[[ RECORDS FOR THE EXERCISE, beginning ]]
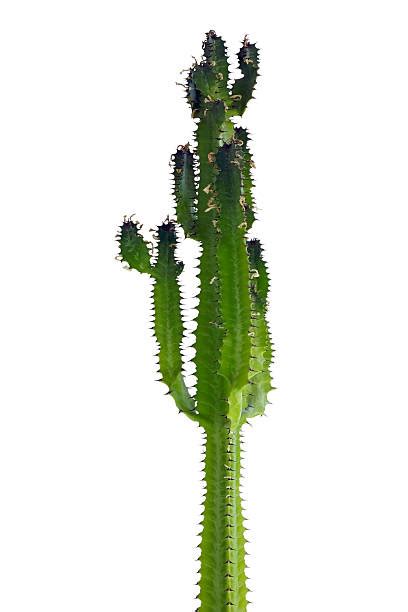Top 60 Tall Cactus Stock Photos Pictures And Images Istock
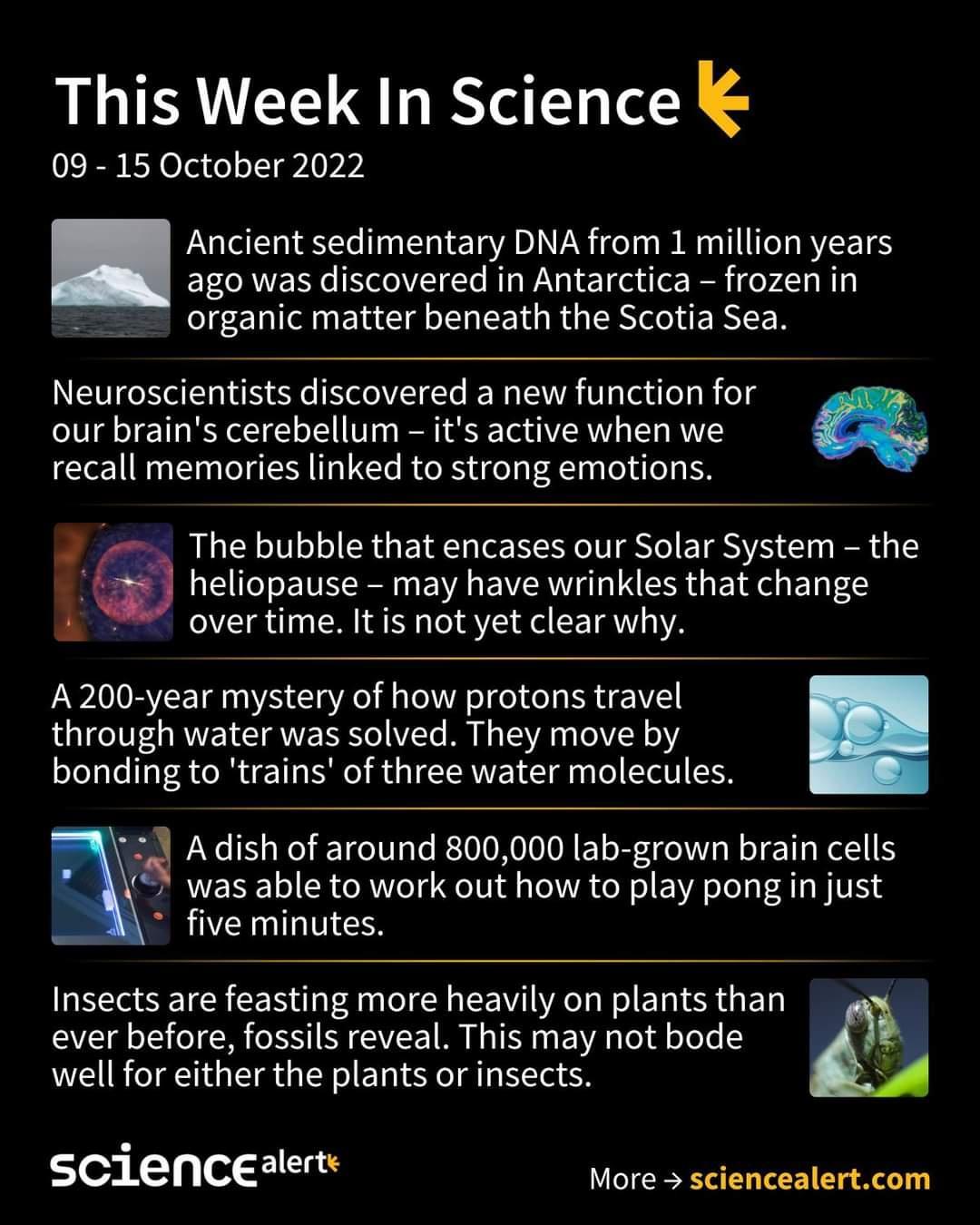 This Week In Science 09 15 October 2022 Ancient sedimentary DNA from 1 million years ago was discovered in Antarctica frozen in organic matter beneath the Scotia Sea Neuroscientists discovered a new function for our brains cerebellum its active when we recall memories linked to strong emotions I The bubble that encases our Solar System the i heliopause may have wrinkles that change overtime Itis n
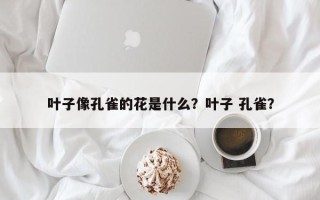 叶子像孔雀的花是什么？叶子 孔雀？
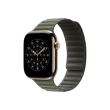 Apple 46mm Sage Gray Magnetic Link - S/M Apple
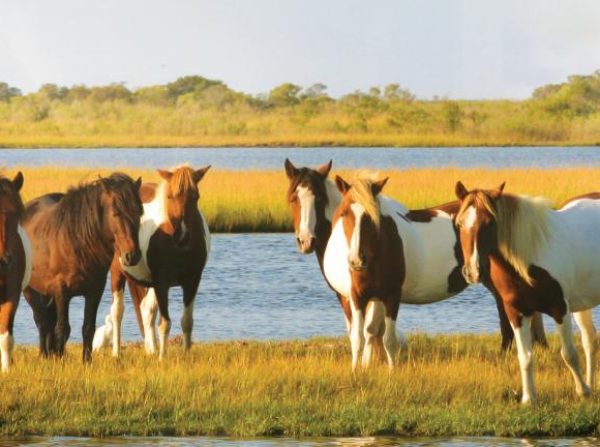 Ponies-Assateague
[[ RECORDS FOR THE EXERCISE, end ]]
WHAT THE TASK REQUIRES: Pictures excluded, output exactly the line that contains "叶子像孔雀的花是什么？叶子 孔雀？" and every line after it to the end of the data above.

RESULT BELOW:
 叶子像孔雀的花是什么？叶子 孔雀？
 Apple 46mm Sage Gray Magnetic Link - S/M Apple
 Ponies-Assateague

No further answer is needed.